En réponse, le Dr Lardenois a présenté ses excuses pour « ne pas être venu voir plus tôt les syndicats de jeunes ». « Je n'ai pas percuté, or les syndicats seniors que j'ai rencontrés sont dans la négociation ad personam », a-t-il confié. Le patron de la Carmf a ainsi invité les représentants de ReAGJIR et des autres syndicats jeunes à se rendre à la Carmf le 22 novembre prochain pour évoquer leurs aspirations et proposer l'expertise de la caisse afin d'effectuer des projections statistiques. « L'évolution du système de retraites vous rendra précaires. Actuellement, en dessous d'un plafond de la sécu (PASS - environ 40 000 €, ndlr), le taux de remplacement est de 70 %. Cela veut dire que votre argent cotisé vaut plus que l'argent de ceux qui gagnent plus que vous. Ce taux sera bien inférieur dans le futur régime et vous serez donc davantage précaires », assure le Dr Lardenois.

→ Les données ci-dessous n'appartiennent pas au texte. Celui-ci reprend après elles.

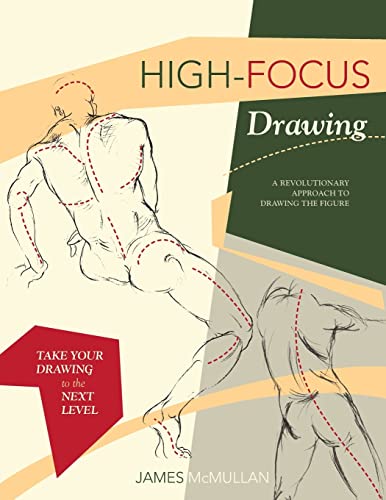 High-Focus Drawing: A Revolutionary Approach To Drawing The Figure
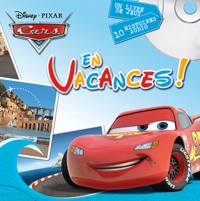  Disney Pixar - En vacances ! - Un livre de jeux, 10 histoires audio. 1 CD audio
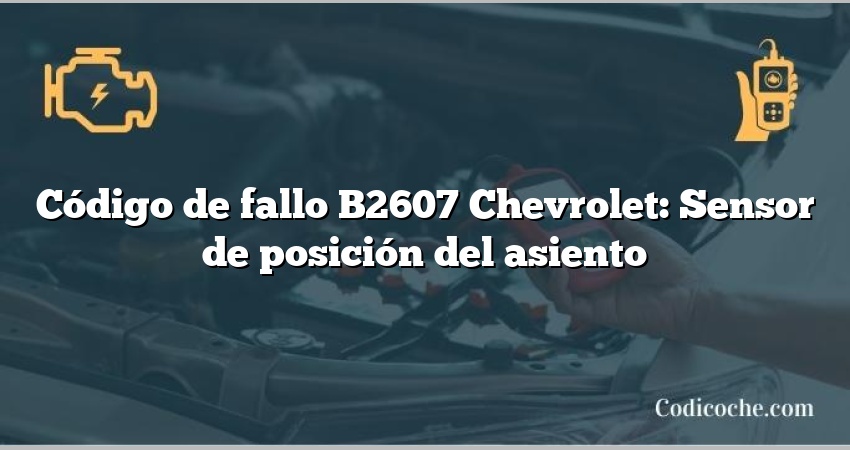 Código de fallo B2607 Chevrolet: Sensor de posición del asiento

Prise en compte des changements de carrière et de l'exercice mixte
L'ancienne présidente de ReAGJIR, le Dr Sophie Augros, par ailleurs déléguée à l'accès aux soins auprès d'Agnès Buzyn, pointe du doigt le manque de visibilité du système actuel pour les jeunes médecins. « Comment s'adapter aux attentes de la nouvelle génération, qui ne veut plus exercer toute sa vie dans un même cabinet, qui aspire à pouvoir faire des métiers différents tout au long de sa carrière ? Nous avons cotisé au régime salarié lorsque nous étions externes, puis lorsque nous étions internes, désormais nous cotisons à la Carmf. La manière de récupérer les cotisations n'est pas lisible », déplore-t-elle. Un autre ancien président de ReAGJIR, le Dr Yannick Schmitt, rejoint ce raisonnement pour les médecins qui choisiront eux une activité mixte. « Pour ces praticiens, les cotisations ne sont pas toutes proportionnelles. Il faut cotiser dans plusieurs caisses et il y a un manque de visibilité dans le système actuel. Le régime universel paraît donc assez séduisant mais on manque de projections chiffrées », ajoute-t-il.
Les jeunes pas auditionnés par le Haut-commissariat
Pour le généraliste alsacien, « le filet de sécurité du taux de prestation prévu dans la réforme à hauteur de 85 % du SMIC », n'est pas suffisant. « Quand on a fait de longues études et qu'on est médecin, on s'attend à avoir un peu plus que cela à la retraite même si on a eu un parcours compliqué ou des difficultés pendant sa carrière », estime-t-il. L'ex-président de ReAGJIR a également rappelé avoir sollicité plusieurs fois le Haut-commissariat à la réforme durant son mandat achevé en juin dernier, sans obtenir de réponse ni de rendez-vous. « Peut-être était-ce planifié de la part du gouvernement de ne pas poser la question aux jeunes car ils vont y perdre avec la réforme ? », s'interroge-t-il.
Le patron de la Carmf réaffirme que les jeunes médecins ont tout à perdre avec la réforme. « Je vais très loin et je me demande s'il n'y a pas une volonté du gouvernement de faire mourir la médecine libérale », assène-t-il. Le Dr Schmitt se dit également que les médecins seront « du côté des perdants » : « Certes, certaines autres catégories professionnelles vont y gagner mais sommes nous prêts à ce sacrifice-là ? », conclut-il. Alors que le collectif SOS retraites (dont font partie les syndicats FMF et UFML-S) a appelé à la fermeture des cabinets le lundi 3 février prochain, après une première journée de mobilisations le 16 novembre, le syndicat ReAGJIR a pour sa part affirmé lors de son congrès réfléchir encore à la manière de faire entendre sa voix auprès du Haut-commissaire.